Top of Information provided

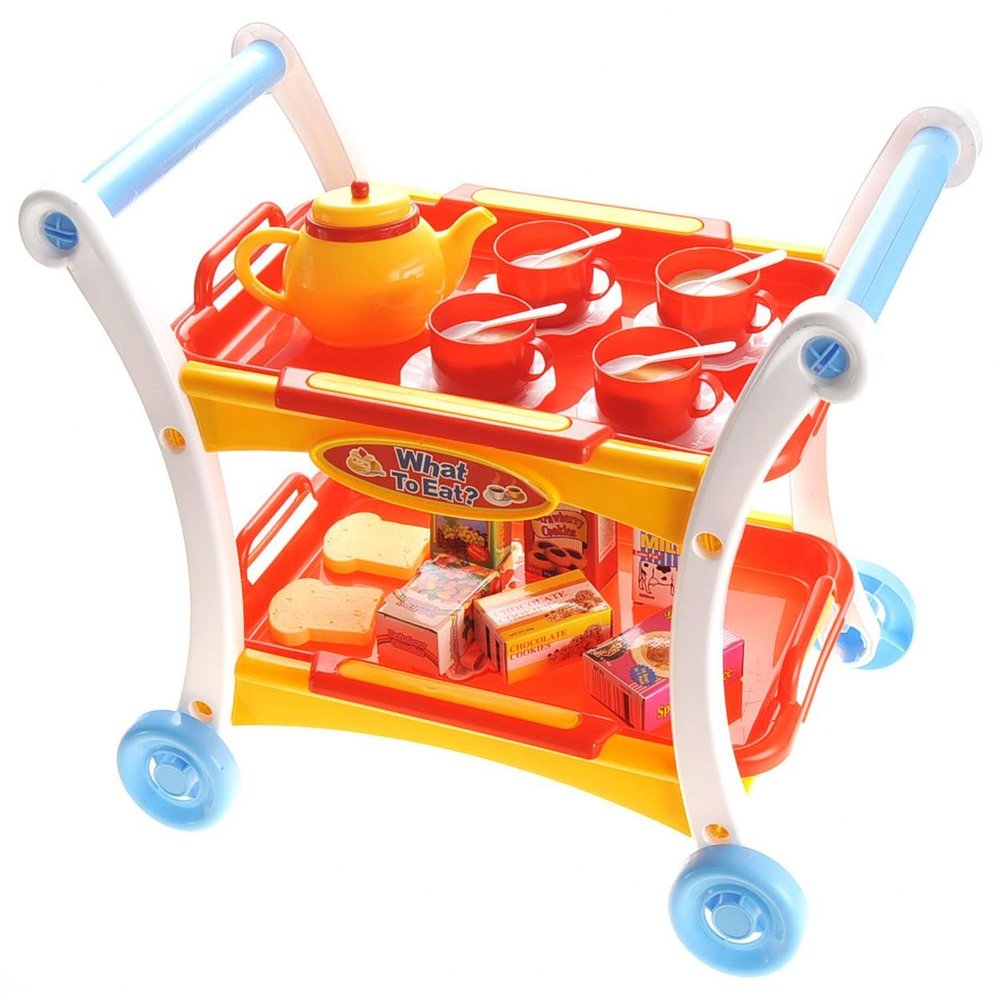 PowerTRC Tea Set Toy for Little Girls, Tea Trolley Cart w/ Tea Pots Cups Accessories, Tea Party Kitchen Pretend Play Set Gifts for Kids Toddlers Toys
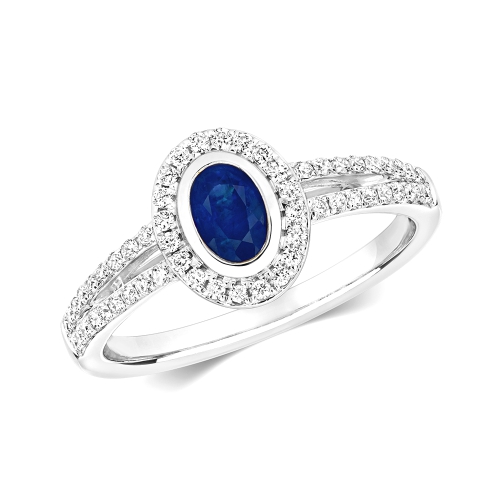 Bezel Setting Oval Luxe Blue Sapphire Engagement Rings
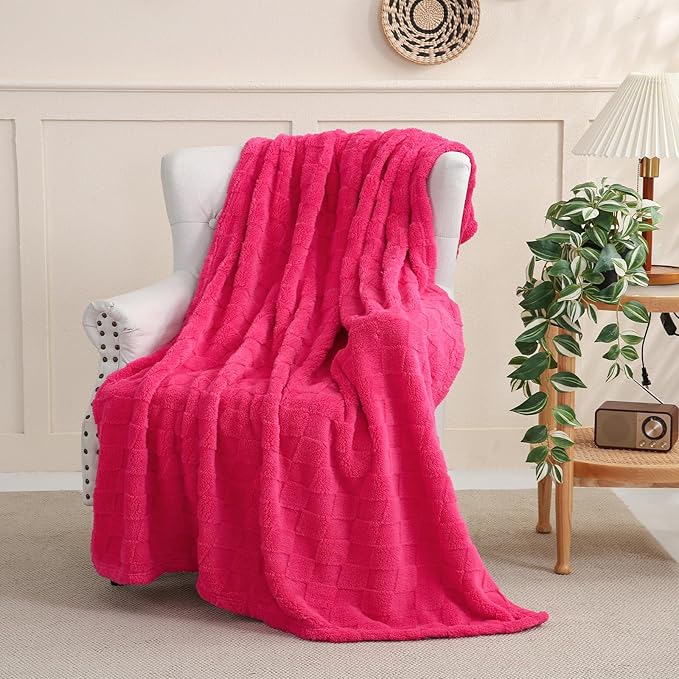 Hot Pink Fleece Throw Blanket 60”×80” for Couch Sofa Bed,Super Soft Cozy Plush Microfiber Flannel Blanket with 3D Checkered Design Lightweight for Adults,Woman,Girls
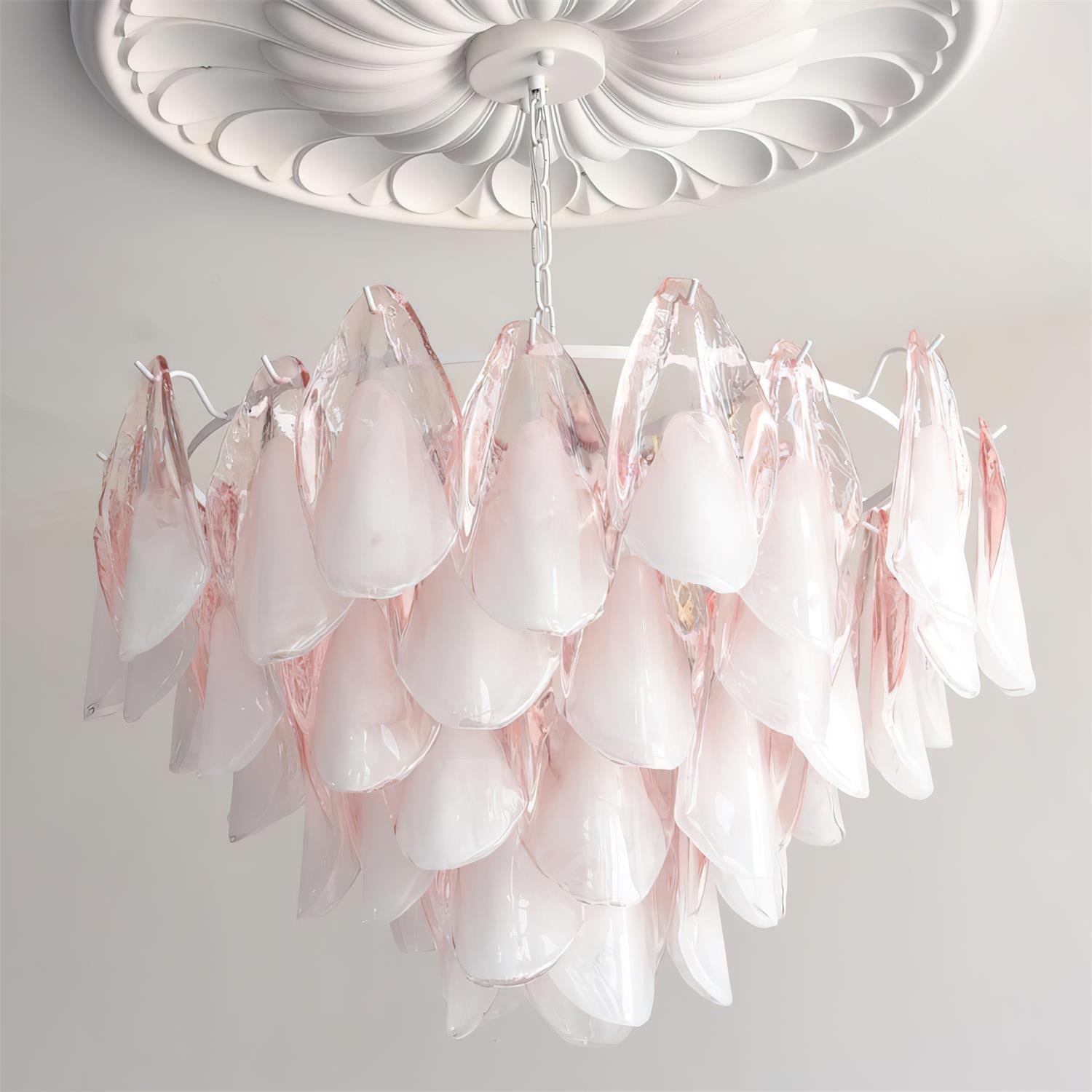 Fuchsia Lustre Pétales En Verre Vert Rosé - Neutralighting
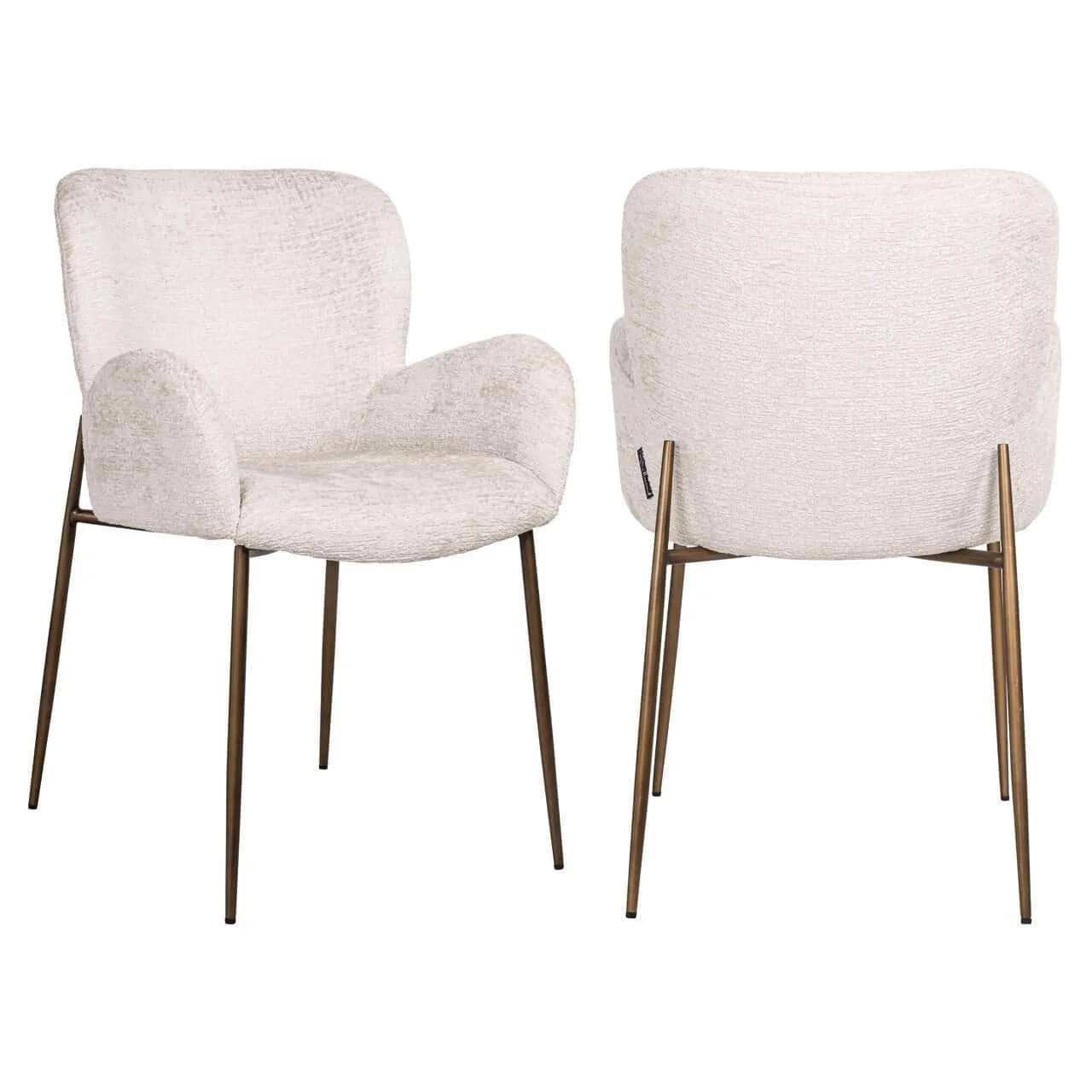 Zwei Essstühle Amber cream fusion fire retardant, einer von vorne und einer von hinten, auf weißem Hintergrund - Richmond Interiors
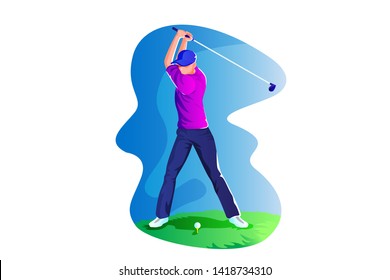 Golf Athlete Vector Concept Illustration, Suitable for web landing page, ui, mobile app, editorial design, flyer, banner, and other related occasion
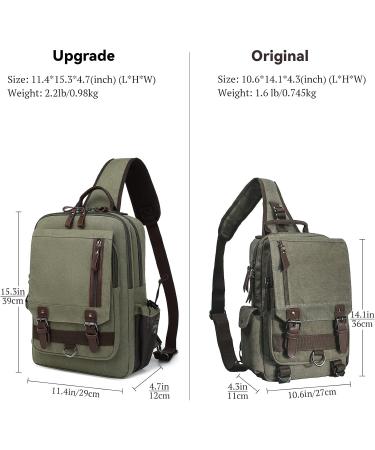 X-Large Army Green Canvas Crossbody Messenger Bag, Shoulder Sling Backpack for Travel - Buy Online on GoSupps.com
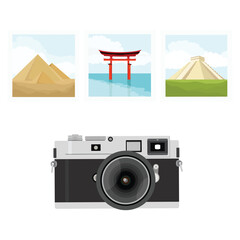 Travel photos. Travel memories concept. Travel and vacation banner design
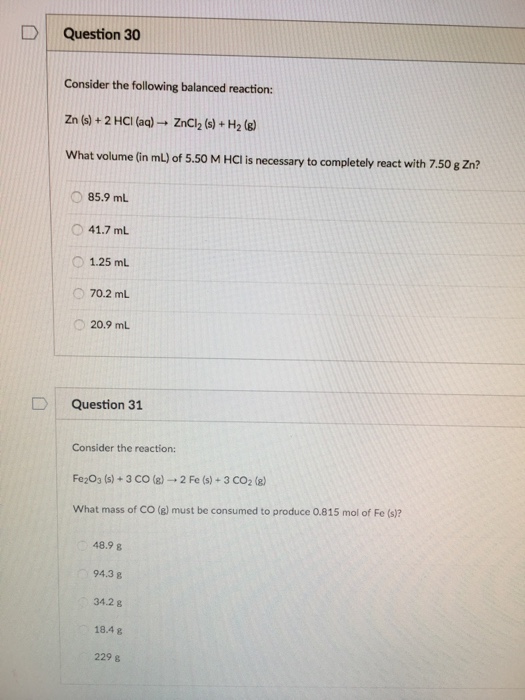 Solved Consider The Following Balanced Reaction: Zn (s) + 2 | Chegg.com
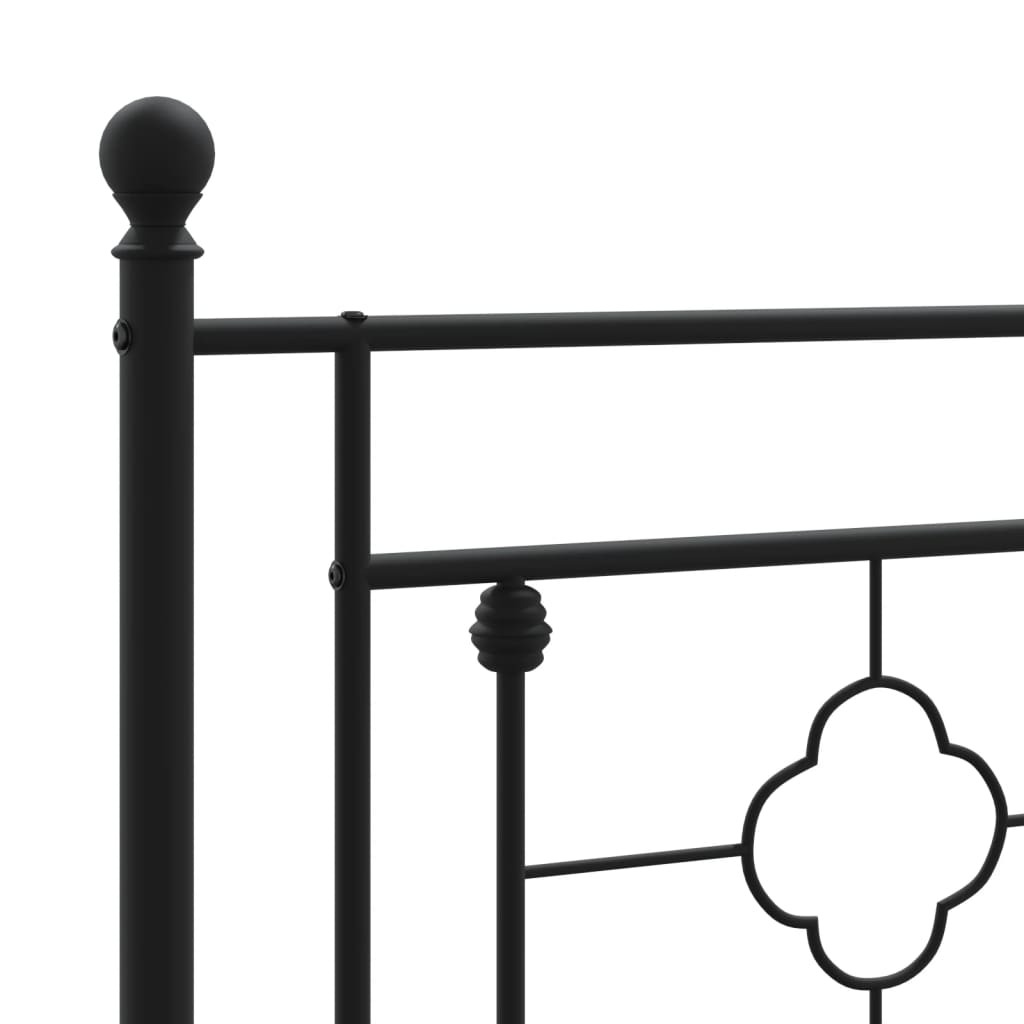 Metal Bed Frame without Mattress with Headboard Black 180x200cm
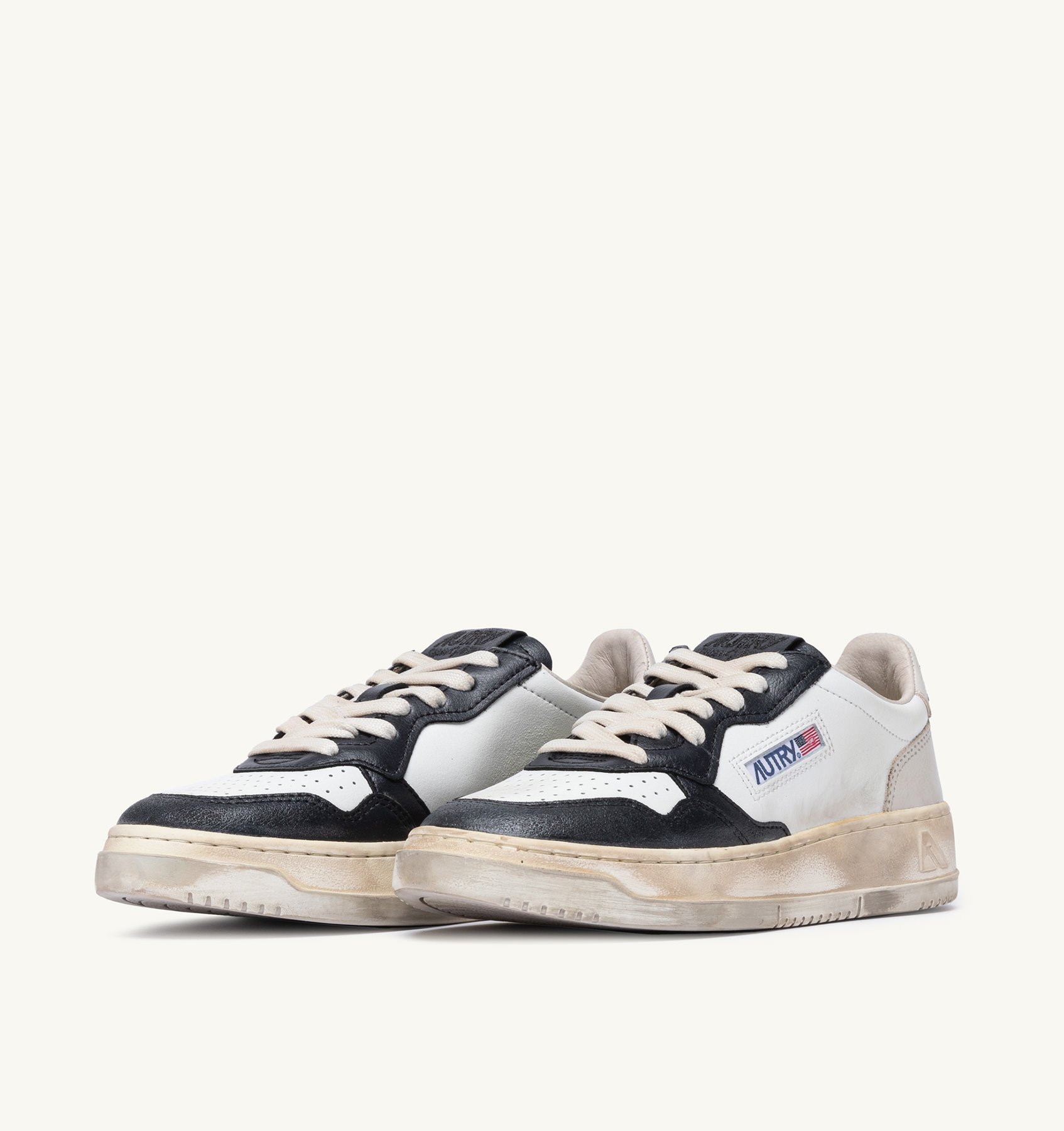 SUPER VINTAGE MEDALIST LOW SNEAKERS IN WHITE DARK GREY AND BLUE LEATHER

Bottom of Information provided

- **Exercise**: Beginning with the line that contains "X-Large Army Green", write out every line through the last one in the records, exactly and without pictures.

- **Final answer**:
 X-Large Army Green Canvas Crossbody Messenger Bag, Shoulder Sling Backpack for Travel - Buy Online on GoSupps.com
 Travel photos. Travel memories concept. Travel and vacation banner design
 Solved Consider The Following Balanced Reaction: Zn (s) + 2 | Chegg.com
 Metal Bed Frame without Mattress with Headboard Black 180x200cm
 SUPER VINTAGE MEDALIST LOW SNEAKERS IN WHITE DARK GREY AND BLUE LEATHER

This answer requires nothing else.